O teólogo Karl Rahner (1904-1984) disse certa vez, com muita ironia, que se deixássemos de lado a ressurreição de Jesus pouco mudava na teologia e na vida da Igreja.
Por Jorge Teixeira da Cunha
Na pena do grande autor alemão, a observação significava que a teologia era quase só uma discussão de coisas doutrinais e que a Igreja se via a si mesma apenas como instituição visível. Mas podemos perguntar se a nossa vida cristã mudou mesmo nos últimos decénios, de forma a dizermos que hoje já não seria justificada essa amarga observação. Mas então o que significa colocar a ressurreição no centro da vida cristã? Significa muito. Vamos chamar a atenção para algumas opções.
A ressurreição de Jesus é muito mais do que um final feliz que teve lugar depois da sua morte. É o centro da vida divina e humana e não apenas algo periférico e acidental. Tal como podemos apreender desse grande mistério, a ressurreição é o centro da vida de Jesus desde a sua origem. A vida ressuscitada cresceu durante o arco existencial dos seus anos que culminaram na morte. Era como ressuscitado, de forma incoativa, que Jesus dizia palavras de autoridade sobre Deus e sobre a realidade criada, realizava acções de grande poder que curavam pessoas, intervinha sobre o cosmos, caminhando sobre as águas ou dando a vida a pessoas que tinham morrido. Ele não era um taumaturgo com poderes extraordinários. Pelo contrário, o seu agir mostra que Ele vivia no centro da realidade, desde onde Deus é a origem de tudo. Por isso, a ressurreição não é apenas um momento, mas o triunfo definitivo da vida de Jesus Filho de Deus. Sendo o triunfo da vida nele, é também o triunfo da vida como tal. Uma vida que é dele antes de todos os outros, mas que Ele reparte com todos os outros viventes, sobretudo com os humanos em que a vida chega à fé e á liberdade.

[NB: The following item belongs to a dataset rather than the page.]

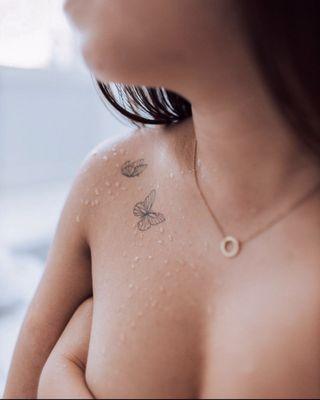 Tiny butterflies tattoo.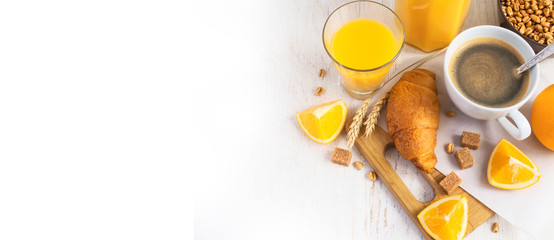Croissants, coffee and orange juice, top view. Breakfast concept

Conta-se que o escritor francês André Malraux terá dito que a ressurreição é a ideia mais avançada que foi concebida pela mente humana. Podemos admitir a verdade da afirmação se dissermos que não se trata apenas de uma ideia, mas da culminação da realidade, da qual brota a vida de todos os viventes e de onde provêm todas as ideias dos viventes humanos que podem chegar a elas.
Por isso, a ressurreição está na origem da fé. Não se trata de um acontecimento miraculoso que desencadeia uma crença, mas de uma experiência de plenitude vital que dá o ser humano a si mesmo e que dá origem à comunidade crente que é a Igreja. A confissão de fé e a celebração sacramental que fazem a Igreja são, pois, muito mais do que ritos de pertença a uma comunidade visível. São acções que inovam a realidade: estão na origem da humanidade redimida mas não só: estão na origem da própria criação. O que a Bíblia diz que começou no Paraíso terrestre, realmente refere-se ao jardim do Calvário, onde Cristo foi morto e sepultado.

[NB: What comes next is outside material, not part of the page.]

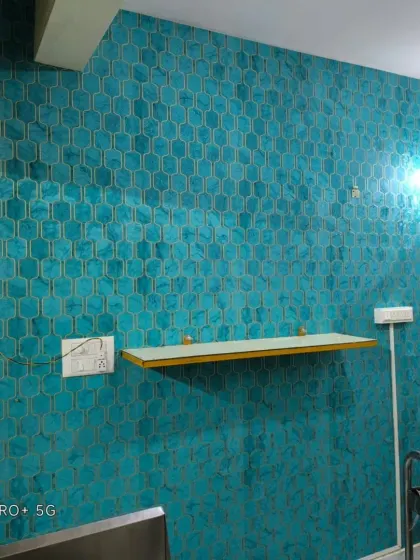 A vibrant teal wallpaper with a gold-embossed honeycomb pattern. The metallic details add a touch of luxury.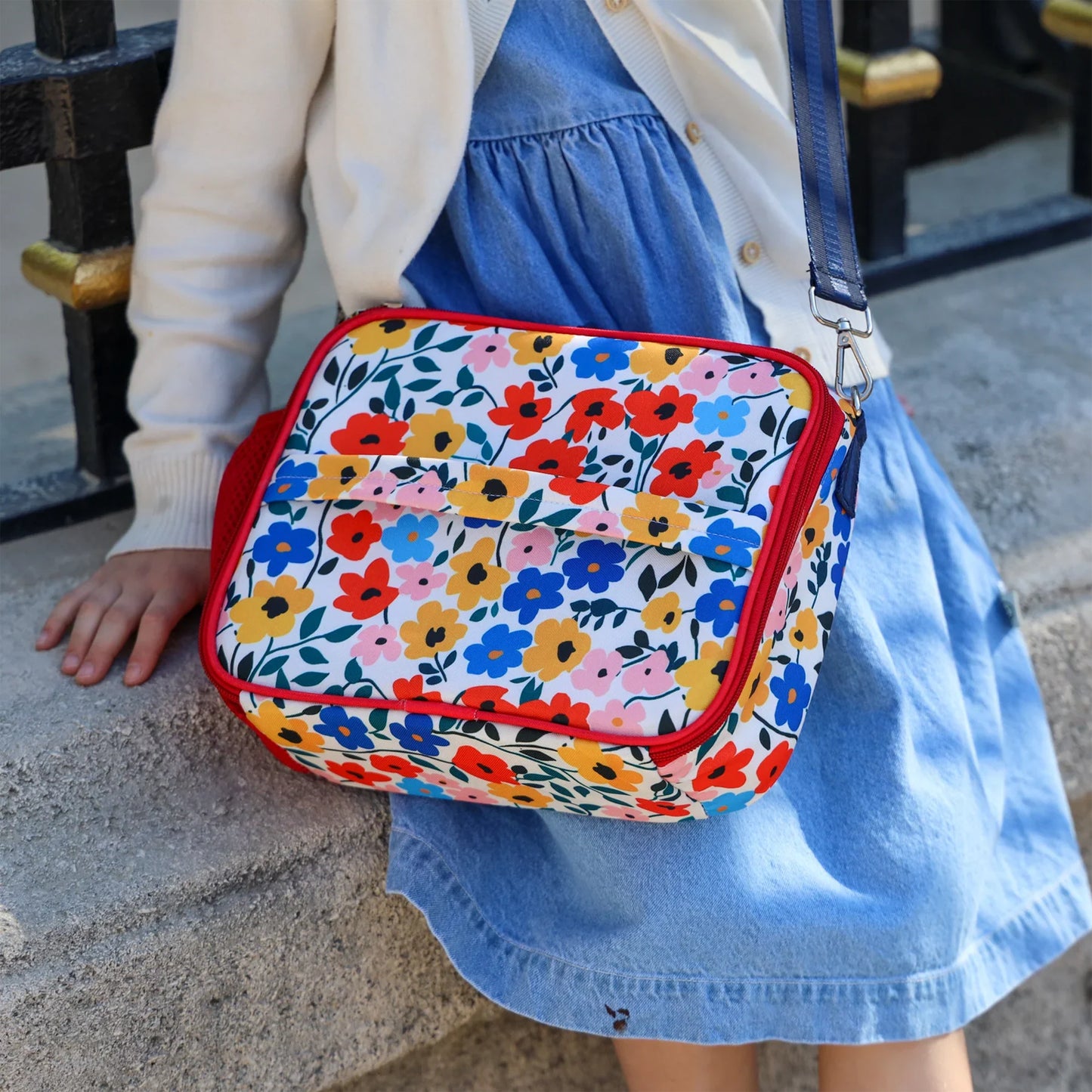Person wearing a colorful floral-patterned bag outdoors.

Há outro aspecto da ressurreição que dá a medida do mistério originário de que estamos a tentar falar. A ressurreição do Senhor não sucede à sua morte, mas coincide com ela. Por isso, não é um final feliz. É um final eternizado, de forma que a morte do Senhor é para sempre a origem da vida e o triunfo sobre o mal. Este vislumbre dá a medida da discrição com que podemos falar destes assuntos. A origem de tudo é um silêncio impenetrável pela nossa curiosidade e pela nossa vontade científica de iluminar e de perscrutar tudo.
A vida da Igreja, comunidade de experiência da fé, fica muito mais densa de significado a partir destas perspectivas. Por um lado, dá-nos a medida da importância do testemunho do Evangelho. Não se trata só de agregar crentes a uma comunidade, mas de dar a viver a vida plena pela graça da fé. Isto é uma responsabilidade tremenda para pastores e para fiéis. Por outro lado, dá-nos também a medida de como o mistério divino precede as nossas acções eclesiais, progride para lá da sua eficácia e talvez as dispense tantas vezes. Deus tem, no seu Filho morto e ressuscitado, caminhos muito diversos para levar à comunhão criadora e redentora os seres humanos de todos os tempos.